Ganz neue Formel

Baskischer Nationalismus vs. spanischer Nationalismus von gaston kirsche

Der baskische Ministerpräsident Juan José Ibarretxe nennt seinen Plan für mehr Selbstbestimmungsrechte der Region »eine Alternative für die Zukunft der baskischen Gesellschaft«. Am Freitag will er im baskischen Regionalparlament einen entsprechenden Gesetzesentwurf vorlegen. Doch natürlich stößt der so genannte Ibarretxe-Plan auf Widerstand in Madrid. Für die spanische Zentralregierung unter José María Aznar von der konservativen Volkspartei PP läuft Ibarretxes Plan auf die Abspaltung des Baskenlandes von Spanien hinaus.

Tatsächlich wirbt Ibarretxe in dem Entwurf für die Autonomierechte eines baskischen Volkes: »Gegenüber der Strategie des ökonomischen Neoliberalismus, der auf dem Modell des individuellen Wettbewerbs basiert, hat unsere selbstständige Regierungspolitik es uns ermöglicht, im Baskenland ein eigenes Modell der sozialen Ordnung zu entwickeln, gegründet auf der nachhaltigen Entwicklung und der Solidarität.« Dabei hat die regionale baskische Sozialpolitik den Folgen der kapitalistischen Deregulierung nur wenig entgegenzusetzen. Ibarretxes Baskische Nationalistische Partei (PNV) verbindet baskischen Nationalismus mit Standortwettbewerb und christlicher Soziallehre – die typische Wettbewerbspolitik einer relativ reichen Region, verbunden mit national aufgeladener Sozial- und Gesundheitspolitik. Die PNV hätte gerne mehr Kompetenzen vom Zentralstaat und würde gerne weniger Steuereinnahmen an ärmere Regionen Spaniens abgeben. So weit, so üblich.

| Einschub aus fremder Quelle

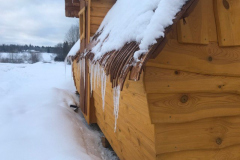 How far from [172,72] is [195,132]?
0.63 metres

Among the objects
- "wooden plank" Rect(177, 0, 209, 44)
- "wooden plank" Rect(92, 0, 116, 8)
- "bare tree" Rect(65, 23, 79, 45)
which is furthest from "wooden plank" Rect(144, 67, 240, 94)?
"bare tree" Rect(65, 23, 79, 45)

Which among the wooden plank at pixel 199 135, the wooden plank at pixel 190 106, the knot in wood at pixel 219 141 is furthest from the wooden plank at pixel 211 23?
the knot in wood at pixel 219 141

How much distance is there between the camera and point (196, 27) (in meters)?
2.00

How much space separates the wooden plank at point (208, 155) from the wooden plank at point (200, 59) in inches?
30.3

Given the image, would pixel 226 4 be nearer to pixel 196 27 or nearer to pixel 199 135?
pixel 196 27

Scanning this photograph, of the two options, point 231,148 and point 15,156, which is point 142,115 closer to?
point 231,148

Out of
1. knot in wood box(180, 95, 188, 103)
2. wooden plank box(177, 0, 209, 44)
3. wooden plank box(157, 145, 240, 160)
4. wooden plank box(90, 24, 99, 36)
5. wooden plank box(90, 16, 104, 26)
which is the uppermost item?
wooden plank box(90, 16, 104, 26)

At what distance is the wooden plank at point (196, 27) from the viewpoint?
76.9 inches

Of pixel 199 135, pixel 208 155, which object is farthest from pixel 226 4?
pixel 208 155

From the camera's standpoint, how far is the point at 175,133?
2047 millimetres

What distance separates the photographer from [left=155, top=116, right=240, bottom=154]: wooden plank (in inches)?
79.5

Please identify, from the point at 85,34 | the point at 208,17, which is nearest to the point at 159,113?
the point at 208,17

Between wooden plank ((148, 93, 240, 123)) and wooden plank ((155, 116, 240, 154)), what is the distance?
0.07 meters

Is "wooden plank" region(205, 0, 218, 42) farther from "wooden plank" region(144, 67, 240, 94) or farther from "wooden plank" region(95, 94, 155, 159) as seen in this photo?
"wooden plank" region(95, 94, 155, 159) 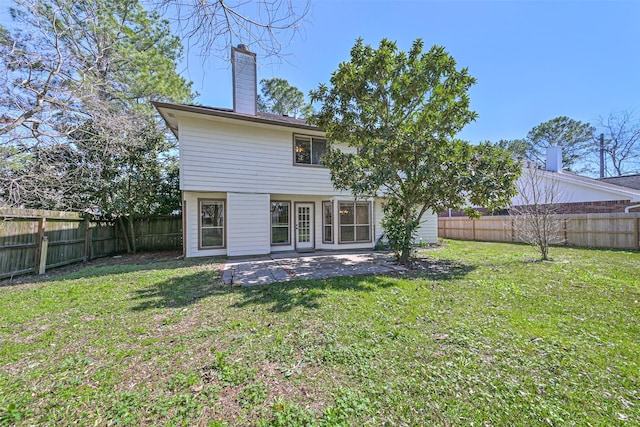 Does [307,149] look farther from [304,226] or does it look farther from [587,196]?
[587,196]

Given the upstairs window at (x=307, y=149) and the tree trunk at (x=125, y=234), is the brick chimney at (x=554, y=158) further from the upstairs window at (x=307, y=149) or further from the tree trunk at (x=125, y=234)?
the tree trunk at (x=125, y=234)

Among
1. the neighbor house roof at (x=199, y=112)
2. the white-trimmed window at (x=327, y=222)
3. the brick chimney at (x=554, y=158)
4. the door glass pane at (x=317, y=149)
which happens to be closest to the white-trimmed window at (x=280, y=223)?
the white-trimmed window at (x=327, y=222)

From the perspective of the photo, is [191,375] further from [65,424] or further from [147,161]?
[147,161]

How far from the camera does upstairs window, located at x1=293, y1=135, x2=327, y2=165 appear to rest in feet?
34.8

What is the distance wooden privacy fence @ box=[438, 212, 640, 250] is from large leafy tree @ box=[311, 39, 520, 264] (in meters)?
4.66

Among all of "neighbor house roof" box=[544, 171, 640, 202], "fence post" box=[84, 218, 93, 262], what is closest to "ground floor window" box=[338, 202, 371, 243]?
"fence post" box=[84, 218, 93, 262]

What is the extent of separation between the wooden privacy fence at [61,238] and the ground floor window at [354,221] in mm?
7829

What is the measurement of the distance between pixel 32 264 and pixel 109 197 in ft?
13.3

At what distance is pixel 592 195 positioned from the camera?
555 inches

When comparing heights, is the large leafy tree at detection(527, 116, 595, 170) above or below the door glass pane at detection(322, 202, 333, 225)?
above

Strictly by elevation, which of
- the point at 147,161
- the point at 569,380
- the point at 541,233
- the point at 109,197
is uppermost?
the point at 147,161

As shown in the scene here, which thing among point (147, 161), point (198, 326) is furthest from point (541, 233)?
point (147, 161)

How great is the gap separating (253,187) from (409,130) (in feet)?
18.9

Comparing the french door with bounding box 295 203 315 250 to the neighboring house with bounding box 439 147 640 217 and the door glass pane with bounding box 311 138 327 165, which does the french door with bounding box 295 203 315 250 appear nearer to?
the door glass pane with bounding box 311 138 327 165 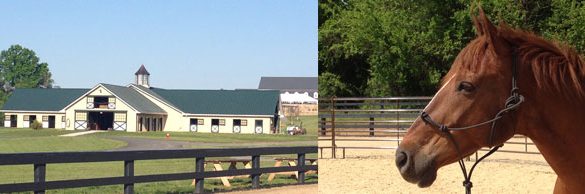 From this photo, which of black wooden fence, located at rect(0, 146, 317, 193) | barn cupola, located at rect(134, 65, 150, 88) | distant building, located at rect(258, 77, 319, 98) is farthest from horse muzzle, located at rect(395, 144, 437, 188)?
barn cupola, located at rect(134, 65, 150, 88)

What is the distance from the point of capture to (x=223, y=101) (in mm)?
11094

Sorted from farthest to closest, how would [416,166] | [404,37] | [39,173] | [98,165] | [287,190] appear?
[404,37] < [98,165] < [287,190] < [39,173] < [416,166]

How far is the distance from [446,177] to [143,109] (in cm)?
460

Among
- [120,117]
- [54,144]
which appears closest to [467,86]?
[54,144]

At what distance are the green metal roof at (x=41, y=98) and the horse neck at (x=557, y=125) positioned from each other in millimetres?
7933

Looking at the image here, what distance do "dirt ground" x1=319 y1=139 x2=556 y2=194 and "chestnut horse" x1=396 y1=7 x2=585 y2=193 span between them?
19.7 feet

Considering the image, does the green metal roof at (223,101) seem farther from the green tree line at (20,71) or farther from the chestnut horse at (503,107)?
the chestnut horse at (503,107)

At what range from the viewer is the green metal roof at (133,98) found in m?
9.62

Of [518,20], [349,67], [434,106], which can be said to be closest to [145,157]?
[434,106]

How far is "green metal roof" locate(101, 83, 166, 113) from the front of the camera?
31.6ft

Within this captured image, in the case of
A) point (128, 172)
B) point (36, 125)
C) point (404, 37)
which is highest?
point (404, 37)

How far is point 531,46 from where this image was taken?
185 cm

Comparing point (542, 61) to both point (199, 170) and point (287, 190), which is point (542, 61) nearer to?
point (199, 170)

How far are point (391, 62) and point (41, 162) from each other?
1540 cm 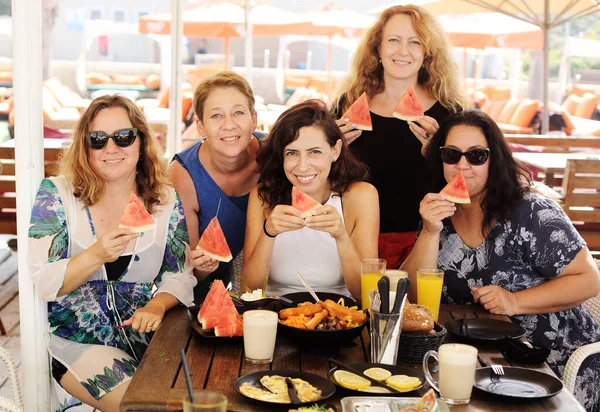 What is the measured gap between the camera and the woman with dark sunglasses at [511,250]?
10.5ft

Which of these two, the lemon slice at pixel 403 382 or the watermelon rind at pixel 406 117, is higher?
the watermelon rind at pixel 406 117

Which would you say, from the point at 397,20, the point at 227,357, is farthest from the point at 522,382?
the point at 397,20

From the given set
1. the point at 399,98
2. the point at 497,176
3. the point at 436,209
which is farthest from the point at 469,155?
the point at 399,98

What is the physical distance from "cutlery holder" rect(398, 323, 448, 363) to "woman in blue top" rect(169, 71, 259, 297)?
4.03 ft

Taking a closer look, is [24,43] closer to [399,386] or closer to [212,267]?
[212,267]

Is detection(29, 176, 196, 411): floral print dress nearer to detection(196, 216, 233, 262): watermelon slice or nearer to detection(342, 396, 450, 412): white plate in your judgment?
detection(196, 216, 233, 262): watermelon slice

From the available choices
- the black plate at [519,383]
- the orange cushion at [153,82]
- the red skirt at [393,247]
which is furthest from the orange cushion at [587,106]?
the black plate at [519,383]

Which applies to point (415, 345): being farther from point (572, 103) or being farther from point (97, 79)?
point (97, 79)

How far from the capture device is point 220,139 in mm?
3596

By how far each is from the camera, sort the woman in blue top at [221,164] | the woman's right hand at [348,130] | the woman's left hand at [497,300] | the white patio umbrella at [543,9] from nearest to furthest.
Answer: the woman's left hand at [497,300], the woman in blue top at [221,164], the woman's right hand at [348,130], the white patio umbrella at [543,9]

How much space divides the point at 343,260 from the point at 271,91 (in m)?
17.1

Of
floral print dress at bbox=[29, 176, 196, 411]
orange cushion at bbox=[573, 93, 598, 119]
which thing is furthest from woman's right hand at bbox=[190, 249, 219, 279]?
orange cushion at bbox=[573, 93, 598, 119]

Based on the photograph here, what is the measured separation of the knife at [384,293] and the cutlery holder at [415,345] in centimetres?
17

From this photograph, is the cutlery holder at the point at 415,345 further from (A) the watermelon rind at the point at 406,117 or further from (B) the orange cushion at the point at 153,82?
(B) the orange cushion at the point at 153,82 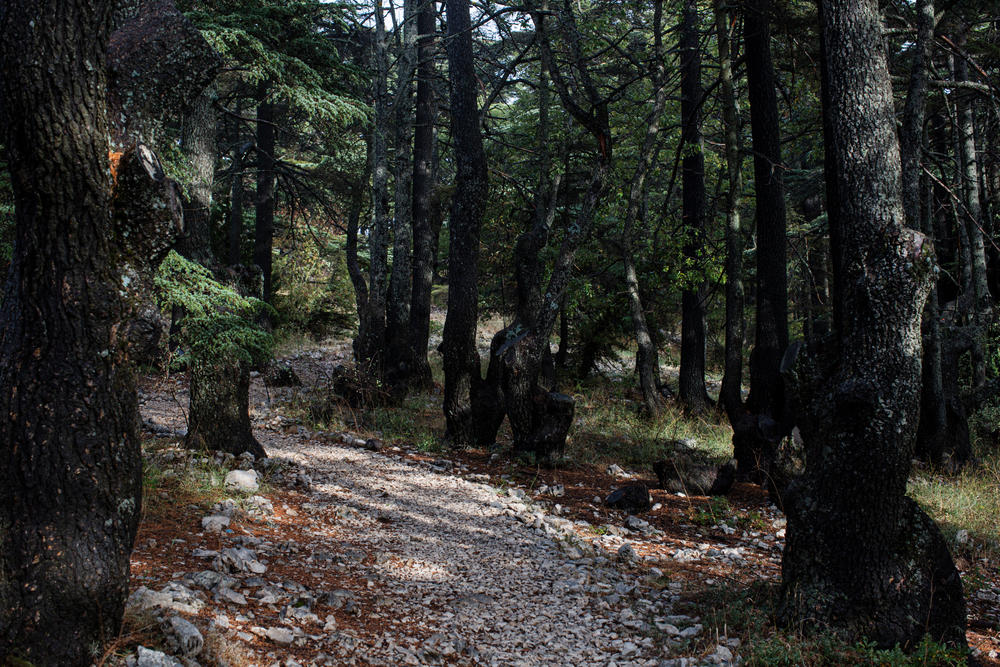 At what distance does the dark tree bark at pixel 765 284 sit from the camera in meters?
8.16

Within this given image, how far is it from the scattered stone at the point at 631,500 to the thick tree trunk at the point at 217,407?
4147mm

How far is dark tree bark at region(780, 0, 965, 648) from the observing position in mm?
3873

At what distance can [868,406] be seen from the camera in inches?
154

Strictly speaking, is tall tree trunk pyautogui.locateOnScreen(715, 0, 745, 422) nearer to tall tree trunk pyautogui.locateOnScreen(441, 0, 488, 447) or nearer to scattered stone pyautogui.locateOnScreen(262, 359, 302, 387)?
tall tree trunk pyautogui.locateOnScreen(441, 0, 488, 447)

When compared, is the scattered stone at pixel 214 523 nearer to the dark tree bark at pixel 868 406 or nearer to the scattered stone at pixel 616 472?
the dark tree bark at pixel 868 406

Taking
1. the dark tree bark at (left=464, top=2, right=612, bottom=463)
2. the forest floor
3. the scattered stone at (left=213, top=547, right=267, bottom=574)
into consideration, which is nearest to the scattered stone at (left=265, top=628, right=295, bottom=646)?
the forest floor

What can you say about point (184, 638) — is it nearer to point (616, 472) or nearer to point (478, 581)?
point (478, 581)

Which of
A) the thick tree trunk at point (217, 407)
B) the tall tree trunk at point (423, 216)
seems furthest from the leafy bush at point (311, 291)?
the thick tree trunk at point (217, 407)

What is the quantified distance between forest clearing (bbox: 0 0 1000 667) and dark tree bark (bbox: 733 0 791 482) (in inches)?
1.9

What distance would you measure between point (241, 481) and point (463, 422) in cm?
389

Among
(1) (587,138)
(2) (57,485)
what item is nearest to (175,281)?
(2) (57,485)

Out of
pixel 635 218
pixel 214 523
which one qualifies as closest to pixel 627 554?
pixel 214 523

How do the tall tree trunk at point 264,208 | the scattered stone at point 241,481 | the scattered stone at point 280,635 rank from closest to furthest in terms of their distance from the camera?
the scattered stone at point 280,635
the scattered stone at point 241,481
the tall tree trunk at point 264,208

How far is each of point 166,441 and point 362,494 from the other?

Zusätzlich besteht die PNV aber darauf, dass die von ihrem Parteigründer Sabino Arana vor 105 Jahren erfundene baskische Nation als eigenes Volk besondere Rechte erhält. Die traditionell völkische Rhetorik, die in ihren Konsequenzen wesentlich ausgrenzender ist als der nominell sozialistische Nationalismus der ETA, ist eine permanente Herausforderung für den Nationalismus der spanischen Rechten. Die baskische Regionalregierung versucht abzuwiegeln. Es gehe lediglich »um eine neue Formel der freundschaftlichen Beziehungen zwischen dem Baskenland und dem spanischen Staat, gegründet auf freier Assoziation und gegenseitigem Respekt«, so ihr Sprecher Josu Jon Imaz. Neben dem Recht auf nationale Selbstbestimmung und der Festschreibung einer nationalen Identität der Basken sieht der Ibarretxe-Plan die vollständige Autonomie der baskischen Justiz vor sowie eine eigenständige Vertretung als Region in den Gremien der EU analog etwa den deutschen Bundesländern.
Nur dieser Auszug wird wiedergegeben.